In this context, what stands out to me in this Psalm is the writer’s steadfast hope in the midst of trying circumstances.  He has enemies. He feels surrounded and outnumbered. But, he says, in spite of this, he will always have hope and praise the Lord even more.

There is a sense the writer is making a conscious choice here.  He could be freaking out or withdrawing into depression, but instead he chooses to hope, to trust God in the midst of his circumstances, and to praise Him in faith that good will come to him.  He has chosen to believe the Lord is in control regardless of his present situation, and his view of Him as loving and trustworthy leads him to have hope.
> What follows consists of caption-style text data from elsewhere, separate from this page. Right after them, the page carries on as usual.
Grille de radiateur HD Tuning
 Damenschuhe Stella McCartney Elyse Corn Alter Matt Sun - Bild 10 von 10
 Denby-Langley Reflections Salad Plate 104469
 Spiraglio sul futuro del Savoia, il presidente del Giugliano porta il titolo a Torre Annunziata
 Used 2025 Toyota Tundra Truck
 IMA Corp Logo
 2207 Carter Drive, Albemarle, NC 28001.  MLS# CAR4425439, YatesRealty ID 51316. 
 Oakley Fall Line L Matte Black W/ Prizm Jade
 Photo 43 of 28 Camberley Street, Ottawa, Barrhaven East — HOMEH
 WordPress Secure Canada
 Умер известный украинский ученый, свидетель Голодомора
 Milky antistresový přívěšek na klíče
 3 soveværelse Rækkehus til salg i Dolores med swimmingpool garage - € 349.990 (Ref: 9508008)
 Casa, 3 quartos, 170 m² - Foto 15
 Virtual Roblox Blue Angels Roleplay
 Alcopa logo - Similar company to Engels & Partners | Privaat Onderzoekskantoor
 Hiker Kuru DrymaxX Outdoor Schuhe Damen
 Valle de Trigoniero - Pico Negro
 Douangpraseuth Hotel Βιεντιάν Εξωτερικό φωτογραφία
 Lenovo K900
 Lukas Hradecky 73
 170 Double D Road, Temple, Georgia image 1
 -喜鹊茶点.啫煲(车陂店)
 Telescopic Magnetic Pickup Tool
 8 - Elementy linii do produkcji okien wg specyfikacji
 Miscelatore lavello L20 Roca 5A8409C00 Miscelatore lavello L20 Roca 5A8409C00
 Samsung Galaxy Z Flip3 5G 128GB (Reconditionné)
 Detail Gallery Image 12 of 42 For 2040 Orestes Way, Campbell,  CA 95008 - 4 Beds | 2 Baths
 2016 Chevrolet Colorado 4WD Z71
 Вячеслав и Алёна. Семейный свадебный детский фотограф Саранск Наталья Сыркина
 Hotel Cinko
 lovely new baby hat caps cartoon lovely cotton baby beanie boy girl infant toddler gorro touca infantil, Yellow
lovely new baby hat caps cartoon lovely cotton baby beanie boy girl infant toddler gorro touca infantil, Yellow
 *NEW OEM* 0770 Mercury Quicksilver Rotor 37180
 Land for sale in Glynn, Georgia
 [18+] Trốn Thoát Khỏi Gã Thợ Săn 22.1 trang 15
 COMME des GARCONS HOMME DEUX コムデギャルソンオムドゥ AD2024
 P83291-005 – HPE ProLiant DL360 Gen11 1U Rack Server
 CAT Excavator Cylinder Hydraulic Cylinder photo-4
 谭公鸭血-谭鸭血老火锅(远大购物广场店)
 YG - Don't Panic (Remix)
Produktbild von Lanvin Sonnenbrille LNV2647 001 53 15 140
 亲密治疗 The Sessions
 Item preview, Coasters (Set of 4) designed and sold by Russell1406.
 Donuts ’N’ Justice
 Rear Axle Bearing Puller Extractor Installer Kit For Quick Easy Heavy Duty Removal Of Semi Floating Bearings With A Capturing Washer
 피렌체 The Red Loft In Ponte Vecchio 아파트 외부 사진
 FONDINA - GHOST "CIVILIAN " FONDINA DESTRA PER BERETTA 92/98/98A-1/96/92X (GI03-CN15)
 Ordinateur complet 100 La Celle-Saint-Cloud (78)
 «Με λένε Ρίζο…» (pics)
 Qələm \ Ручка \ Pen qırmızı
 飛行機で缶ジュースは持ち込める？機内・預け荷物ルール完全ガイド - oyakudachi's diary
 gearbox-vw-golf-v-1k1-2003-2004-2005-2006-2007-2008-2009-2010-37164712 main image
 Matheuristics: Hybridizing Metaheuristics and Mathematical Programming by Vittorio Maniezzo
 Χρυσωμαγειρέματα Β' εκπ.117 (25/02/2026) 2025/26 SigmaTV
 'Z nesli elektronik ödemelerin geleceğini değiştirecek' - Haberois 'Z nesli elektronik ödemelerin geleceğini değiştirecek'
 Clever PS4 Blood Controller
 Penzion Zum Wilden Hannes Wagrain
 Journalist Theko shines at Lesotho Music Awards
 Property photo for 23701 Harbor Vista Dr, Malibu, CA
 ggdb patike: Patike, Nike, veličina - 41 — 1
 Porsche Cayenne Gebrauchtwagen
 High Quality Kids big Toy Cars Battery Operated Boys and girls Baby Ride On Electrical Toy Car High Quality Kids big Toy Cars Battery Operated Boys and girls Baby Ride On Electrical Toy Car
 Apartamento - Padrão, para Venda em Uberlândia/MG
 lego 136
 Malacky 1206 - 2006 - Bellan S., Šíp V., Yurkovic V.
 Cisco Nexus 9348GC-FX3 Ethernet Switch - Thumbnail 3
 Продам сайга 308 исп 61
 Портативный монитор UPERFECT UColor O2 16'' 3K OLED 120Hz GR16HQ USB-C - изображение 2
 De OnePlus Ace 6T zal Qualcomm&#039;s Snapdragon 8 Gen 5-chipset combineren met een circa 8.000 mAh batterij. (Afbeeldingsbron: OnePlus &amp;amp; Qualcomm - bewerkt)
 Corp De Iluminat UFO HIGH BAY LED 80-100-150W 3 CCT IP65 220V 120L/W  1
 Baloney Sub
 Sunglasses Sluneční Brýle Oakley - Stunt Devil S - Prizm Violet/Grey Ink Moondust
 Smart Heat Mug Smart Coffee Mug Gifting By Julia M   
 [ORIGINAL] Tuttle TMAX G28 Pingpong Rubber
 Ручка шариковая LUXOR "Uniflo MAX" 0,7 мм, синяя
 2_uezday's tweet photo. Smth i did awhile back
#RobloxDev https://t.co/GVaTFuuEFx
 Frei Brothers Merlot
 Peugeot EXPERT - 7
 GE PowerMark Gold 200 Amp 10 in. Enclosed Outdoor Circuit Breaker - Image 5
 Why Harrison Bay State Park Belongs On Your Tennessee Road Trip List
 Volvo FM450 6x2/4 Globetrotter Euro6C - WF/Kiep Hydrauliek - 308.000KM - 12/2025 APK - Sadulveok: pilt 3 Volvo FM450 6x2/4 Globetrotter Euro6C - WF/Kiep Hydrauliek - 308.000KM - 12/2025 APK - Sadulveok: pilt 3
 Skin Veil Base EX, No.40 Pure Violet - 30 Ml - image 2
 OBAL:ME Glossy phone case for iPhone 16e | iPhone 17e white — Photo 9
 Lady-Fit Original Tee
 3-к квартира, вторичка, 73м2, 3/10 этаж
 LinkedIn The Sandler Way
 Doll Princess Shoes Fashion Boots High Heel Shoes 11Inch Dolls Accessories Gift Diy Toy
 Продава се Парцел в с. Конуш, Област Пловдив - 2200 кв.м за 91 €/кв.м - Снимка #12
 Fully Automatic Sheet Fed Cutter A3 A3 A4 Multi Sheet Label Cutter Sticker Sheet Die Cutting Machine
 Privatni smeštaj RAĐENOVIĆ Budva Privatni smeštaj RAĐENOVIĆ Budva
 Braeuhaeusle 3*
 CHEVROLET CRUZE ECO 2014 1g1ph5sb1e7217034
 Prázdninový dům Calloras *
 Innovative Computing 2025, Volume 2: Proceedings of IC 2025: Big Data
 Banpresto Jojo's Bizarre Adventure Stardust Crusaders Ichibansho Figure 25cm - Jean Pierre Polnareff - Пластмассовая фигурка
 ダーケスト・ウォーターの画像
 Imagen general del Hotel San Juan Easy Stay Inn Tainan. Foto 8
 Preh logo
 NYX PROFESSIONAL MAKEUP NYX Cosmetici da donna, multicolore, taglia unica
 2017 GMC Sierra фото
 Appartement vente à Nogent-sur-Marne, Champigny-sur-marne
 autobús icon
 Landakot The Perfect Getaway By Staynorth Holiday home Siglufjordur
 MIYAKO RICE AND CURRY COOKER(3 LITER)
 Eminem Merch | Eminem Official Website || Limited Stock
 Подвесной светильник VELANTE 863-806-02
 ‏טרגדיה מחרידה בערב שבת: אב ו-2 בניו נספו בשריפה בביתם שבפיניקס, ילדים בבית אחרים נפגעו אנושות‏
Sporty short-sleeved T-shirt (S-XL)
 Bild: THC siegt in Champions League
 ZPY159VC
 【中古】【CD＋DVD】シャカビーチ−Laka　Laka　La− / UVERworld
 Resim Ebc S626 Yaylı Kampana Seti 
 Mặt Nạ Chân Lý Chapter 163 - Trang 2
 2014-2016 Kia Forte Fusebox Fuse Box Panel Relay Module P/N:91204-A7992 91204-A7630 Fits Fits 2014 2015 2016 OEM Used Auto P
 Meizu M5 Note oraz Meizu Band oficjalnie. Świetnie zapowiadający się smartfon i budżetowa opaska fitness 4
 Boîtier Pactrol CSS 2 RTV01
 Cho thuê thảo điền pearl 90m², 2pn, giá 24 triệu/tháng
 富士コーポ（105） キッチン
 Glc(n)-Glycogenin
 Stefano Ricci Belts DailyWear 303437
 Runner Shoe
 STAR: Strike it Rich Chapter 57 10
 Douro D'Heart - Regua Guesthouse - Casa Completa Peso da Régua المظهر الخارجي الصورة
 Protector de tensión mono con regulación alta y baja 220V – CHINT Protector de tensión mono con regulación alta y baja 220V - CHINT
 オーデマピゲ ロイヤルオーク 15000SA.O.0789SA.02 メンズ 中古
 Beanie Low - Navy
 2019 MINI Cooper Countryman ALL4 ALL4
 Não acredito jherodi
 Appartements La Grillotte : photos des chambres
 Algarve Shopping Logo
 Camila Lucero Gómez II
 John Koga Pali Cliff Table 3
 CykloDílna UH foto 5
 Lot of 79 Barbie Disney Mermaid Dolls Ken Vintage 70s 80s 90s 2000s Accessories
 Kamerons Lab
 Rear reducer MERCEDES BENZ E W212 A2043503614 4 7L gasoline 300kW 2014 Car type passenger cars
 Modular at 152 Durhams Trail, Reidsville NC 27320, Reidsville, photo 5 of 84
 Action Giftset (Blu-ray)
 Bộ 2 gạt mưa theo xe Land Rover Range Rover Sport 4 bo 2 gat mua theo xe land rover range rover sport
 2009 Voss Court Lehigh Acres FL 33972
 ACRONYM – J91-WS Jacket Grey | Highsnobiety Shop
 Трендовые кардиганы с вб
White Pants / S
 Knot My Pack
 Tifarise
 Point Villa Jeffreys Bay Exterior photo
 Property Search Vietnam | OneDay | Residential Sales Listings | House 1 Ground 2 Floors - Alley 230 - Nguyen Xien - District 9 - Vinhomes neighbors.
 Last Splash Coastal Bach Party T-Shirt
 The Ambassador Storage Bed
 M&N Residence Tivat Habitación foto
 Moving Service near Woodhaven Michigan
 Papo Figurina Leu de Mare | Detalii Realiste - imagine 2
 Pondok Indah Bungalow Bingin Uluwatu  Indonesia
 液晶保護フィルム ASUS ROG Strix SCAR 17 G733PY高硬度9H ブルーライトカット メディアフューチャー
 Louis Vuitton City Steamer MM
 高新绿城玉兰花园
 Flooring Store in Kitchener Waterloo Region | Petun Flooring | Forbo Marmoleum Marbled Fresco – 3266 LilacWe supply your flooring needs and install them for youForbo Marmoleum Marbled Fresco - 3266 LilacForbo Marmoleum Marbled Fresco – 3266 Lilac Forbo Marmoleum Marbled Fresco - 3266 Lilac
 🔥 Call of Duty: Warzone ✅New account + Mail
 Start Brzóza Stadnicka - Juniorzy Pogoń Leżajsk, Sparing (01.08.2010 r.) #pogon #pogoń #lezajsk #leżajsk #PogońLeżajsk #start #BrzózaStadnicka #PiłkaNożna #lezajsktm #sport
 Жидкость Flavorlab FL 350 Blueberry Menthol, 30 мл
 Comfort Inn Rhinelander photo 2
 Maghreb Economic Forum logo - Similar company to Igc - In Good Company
Like Job’s wife, much of the cultural bent is to conclude from our circumstances that God doesn’t exist, doesn’t care, or can’t be trusted. Hope for change or transformation by His hand is considered foolishness and unrealistic. In essence, the message is to give up hope on a divine rescue and come to terms with our lousy circumstances, coping in the best way we can.  

In the face of this message, if we, like the Psalmist, are to have hope, we must choose to have it.  We must choose to focus our attention away from our circumstances and toward the Lord, choosing to praise Him for His goodness and faithfulness, and choosing to trust that He can rescue us from whatever situation in which we find ourselves.  To the vast majority, this sounds foolish and unrealistic, but it is the choice we have before us. 

Today, will you choose to have hope regardless of your circumstances? Will you choose to trust that the Lord can rescue you? Or will you give into the hopelessness towards which the culture is bent?  It is your choice to make. As for me, I will choose to have hope.